Le 11 mars 2015
Carlo Lavoie s’intéresse aux mots et aime poser des questions. Il affectionne particulièrement les questions auxquelles il n’a pas trouvé de réponses. Celle de l’identité «acadienne et francophone» en vigueur dans nos organismes le préoccupe de façon plus urgente.
«Ma crainte, dans le contexte actuel du développement de la communauté “acadienne et francophone”, c’est que notre façon de décrire la communauté finisse par exclure plus de gens qu’elle n’en inclut, surtout si on tient compte de l’arrivée de nouveaux arrivants francophones, qu’ils soient du Canada ou de partout au monde. Comment pouvons-nous les convaincre de s’inclure et de s’intégrer à notre communauté alors qu’ils ne sont pas des Acadiens? Comment les aider à se sentir les bienvenus et surtout, à se sentir chez eux?»
Être Acadien, dit Carlo Lavoie, c’est avoir une identité ethnique et historique. Ce n’est pas une identité linguistique. «Je devrais dire que ça ne l’est plus. Il y a une époque où le fait de se dire Acadien voulait aussi dire qu’on parlait français, et qu’on était catholique. Mais ce n’est plus le cas. Les organismes de la communauté travaillent d’arrache-pied pour refranciser des Acadiens qui ont perdu le français à cause de raisons historiques».
En général, être Canadien signifie qu’on vit au Canada, être Québécois signifie qu’on vit au Québec. Il devrait en être de même pour la dénomination «Acadien». L’ennui c’est que l’Acadie n’a pas de frontière ni de territoire reconnu.
Être Acadien, c’est aussi avoir une identité culturelle. Or, tous nos organismes communautaires, nos écoles de langue française, la Société Saint-Thomas-d’Aquin, la Fédération culturelle de l’Î.-P.-É., tous ces organismes existent pour la survie du français, pas seulement pour la survie de la culture acadienne ni pour assurer la mémoire de la Déportation.
«Moi, je viens du Madawaska, de la frontière entre le Nouveau-Brunswick, le Québec et le Maine. Mes ancêtres sont des héritiers de la défaite des Plaines d’Abraham et non de la Déportation. Ma famille est au N.-B. depuis cinq générations, et moi, je vis ici depuis plus de 10 ans. Je ne suis pas né ici, mais mes enfants sont nés ici. Qui sont-ils? Quelle est leur identité? Ils ne sont pas Acadiens au sens historique, mais ils sont francophones. Ma femme est Roumaine. Elle n’est pas Acadienne, ni même francophone au sens de la définition du terme, mais elle parle français. Elle serait francophile? Pourtant, elle vit et elle travaille en français. Ce que nous avons en commun avec les autres francophones, c’est la langue bien sûr et c’est aussi notre attachement à l’Île-du-Prince-Édouard».

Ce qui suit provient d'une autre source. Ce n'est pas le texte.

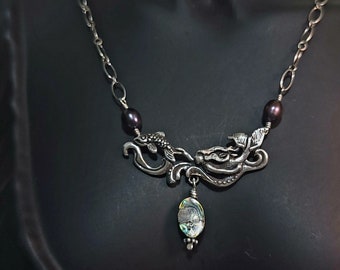 The Chase is On! Mermaid Pendant,  Abalone, Sterling Silver Jewelry, Abalone, Rainbow Freshwater Pearl, Ariel, Mythical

Carlo Lavoie trouve aussi qu’on a tendance à trouver des identités marketing qui finissent par être réductives. «Nous venons de vivre le Congrès mondial acadien dans l’Acadie des terres et des forêts. Qu’est-ce que c’est que ça? C’est l’Acadie, mais pas tout à fait. Un Acadien ne peut pas être bûcheron? À force de vouloir être précis dans nos dénominations, nous morcelons notre identité, et nous excluons plus que nous incluons. Je n’ai pas la solution, mais je pense qu’on doit poser la question», dit Carlo Lavoie.
Il mentionne qu’une identité civile, liée au territoire de la francophonie de l’Île, pourrait devenir une porte de sortie. Au Canada, nous connaissons des termes comme Ontariens, Fransaskois… Mais nous habitons sur une île. «Insulaires» est un terme qui est très peu distinctif, étant donné qu’il désigne tous les Insulaires du monde. «Prince-Édouardien ne me plait pas tellement. C’est trop lié à la monarchie, et puis c’est très long… J’aime bien Ipéens, pour ÎPÉ. Ce qui compte, c’est de nous définir de façon inclusive, pour nous-mêmes et pour les gens avec qui nous interagissons, incluant les nouveaux arrivants», dit Carlo Lavoie qui sera, ce jeudi 12 mars, l’animateur de la seconde table ronde sur l’immigration francophone de la Coopérative d’intégration francophone.